CF376B.I.O.U.

Imagine that there is a group of three friends: A, B and С. A owes B 20 rubles and B owes C 20 rubles. The total sum of the debts is 40 rubles. You can see that the debts are not organized in a very optimal manner. Let's rearrange them like that: assume that A owes C 20 rubles and B doesn't owe anything to anybody. The debts still mean the same but the total sum of the debts now equals 20 rubles.

This task is a generalisation of a described example. Imagine that your group of friends has $n$ people and you know the debts between the people. Optimize the given debts without changing their meaning. In other words, finally for each friend the difference between the total money he should give and the total money he should take must be the same. Print the minimum sum of all debts in the optimal rearrangement of the debts. See the notes to the test samples to better understand the problem.

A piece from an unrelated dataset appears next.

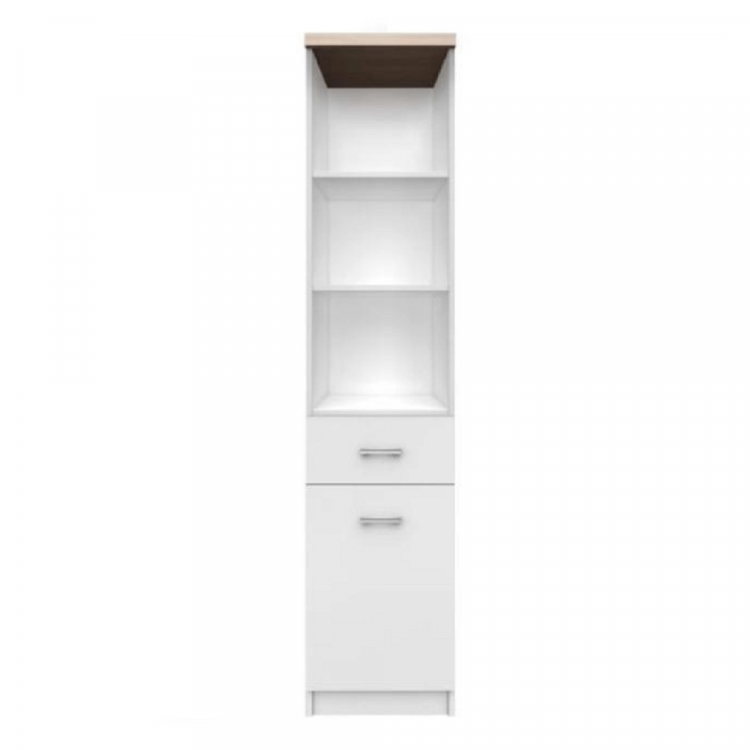 Regál 1D1S, bílá / dub sonoma, TOPTY TYP 04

The first line contains two integers $n$ and $m$ $(1<=n<=100; 0<=m<=10^{4})$ . The next $m$ lines contain the debts. The $i$ -th line contains three integers $a_{i},b_{i},c_{i}$ $(1<=a_{i},b_{i}<=n; a_{i}≠b_{i}; 1<=c_{i}<=100)$ , which mean that person $a_{i}$ owes person $b_{i}$ $c_{i}$ rubles.

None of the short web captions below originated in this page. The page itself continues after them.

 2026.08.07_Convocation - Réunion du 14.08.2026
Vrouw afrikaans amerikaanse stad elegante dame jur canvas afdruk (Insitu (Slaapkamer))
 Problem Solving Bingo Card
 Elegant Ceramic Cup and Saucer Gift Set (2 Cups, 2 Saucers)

Assume that the people are numbered by integers from 1 to $n$ .

It is guaranteed that the same pair of people occurs at most once in the input. The input doesn't simultaneously contain pair of people $(x,y)$ and pair of people $(y,x)$ .

Print a single integer — the minimum sum of debts in the optimal rearrangement.

In the first sample, you can assume that person number 1 owes 8 rubles to person number 2, 1 ruble to person number 3 and 1 ruble to person number 4. He doesn't owe anybody else anything. In the end, the total debt equals 10.

In the second sample, there are no debts.

In the third sample, you can annul all the debts.